Eine Hebeanlage ist nicht immer die richtige Antwort. Wenn auf die betroffenen Ablaufstellen während eines Rückstaus verzichtet werden kann und die übrigen Voraussetzungen stimmen, kann ein Rückstauverschluss die einfachere Lösung sein. Er hat keine Pumpe, keinen Strombedarf und weniger Technik – aber er sperrt im Rückstaufall, und dann steht die angeschlossene Entwässerung still.

Dazwischen liegt die Hybrid-Hebeanlage: Sie entwässert im Normalbetrieb im freien Gefälle und pumpt nur im Rückstaufall. Welches der drei Prinzipien passt, ist genau die Frage, die wir am Gebäude klären. Die Gegenüberstellung finden Sie unter Rückstauverschluss oder Hebeanlage.

Als KESSEL-Einbaupartner arbeiten wir mit Systemen, deren Unterlagen und Ersatzteile langfristig verfügbar sind. Die Auswahl richtet sich trotzdem nach Ihrem Gebäude, nicht nach einem Katalog.
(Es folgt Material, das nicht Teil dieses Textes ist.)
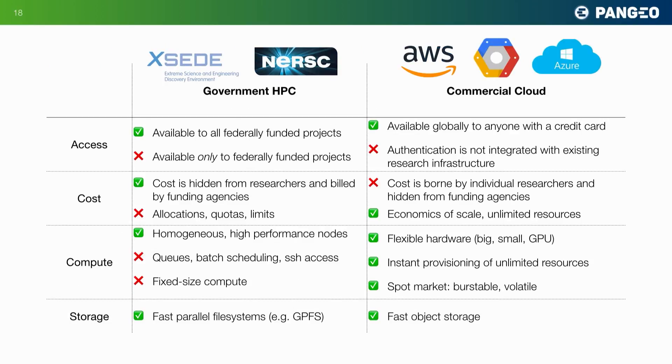My last slide summarizes some of the challenges we face. As scientists, we have two options of where to build this. Traditionally, we've worked on big government high-performance computing resources, like NSF's XSEDE program or DOE's NERSC computer. The commercial cloud is also emerging as a very viable place to do data-driven computing, and each of these platforms has its trade-offs. Scientists are familiar with government HPC centers, and when they're willing, like NERSC is, you can build interactive computing portals there.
Bevor wir eine Lösung empfehlen, prüfen wir Ihre Entwässerung

Im kostenlosen digitalen Rückstau-Check beschreiben Sie Gebäude, Ablaufstellen und vorhandene Sicherung. Fotos oder ein Entwässerungsplan helfen zusätzlich. Wir melden uns mit einer ersten Einschätzung und sagen Ihnen, was sich aus der Ferne klären lässt und was nicht.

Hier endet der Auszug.